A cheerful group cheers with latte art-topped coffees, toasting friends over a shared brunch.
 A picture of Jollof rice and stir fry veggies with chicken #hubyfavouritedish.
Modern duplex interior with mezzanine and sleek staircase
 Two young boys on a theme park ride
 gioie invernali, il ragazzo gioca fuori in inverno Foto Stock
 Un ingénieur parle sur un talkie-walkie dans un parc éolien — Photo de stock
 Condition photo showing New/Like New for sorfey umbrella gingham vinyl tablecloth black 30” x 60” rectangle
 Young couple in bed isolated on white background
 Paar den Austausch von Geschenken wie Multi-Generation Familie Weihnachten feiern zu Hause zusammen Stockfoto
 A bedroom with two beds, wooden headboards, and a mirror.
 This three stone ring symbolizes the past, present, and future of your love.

####

Task directions ->
In full and without alteration, repeat the records.

Solution for this problem ->
A cheerful group cheers with latte art-topped coffees, toasting friends over a shared brunch.
 A picture of Jollof rice and stir fry veggies with chicken #hubyfavouritedish.
Modern duplex interior with mezzanine and sleek staircase
 Two young boys on a theme park ride
 gioie invernali, il ragazzo gioca fuori in inverno Foto Stock
 Un ingénieur parle sur un talkie-walkie dans un parc éolien — Photo de stock
 Condition photo showing New/Like New for sorfey umbrella gingham vinyl tablecloth black 30” x 60” rectangle
 Young couple in bed isolated on white background
 Paar den Austausch von Geschenken wie Multi-Generation Familie Weihnachten feiern zu Hause zusammen Stockfoto
 A bedroom with two beds, wooden headboards, and a mirror.
 This three stone ring symbolizes the past, present, and future of your love.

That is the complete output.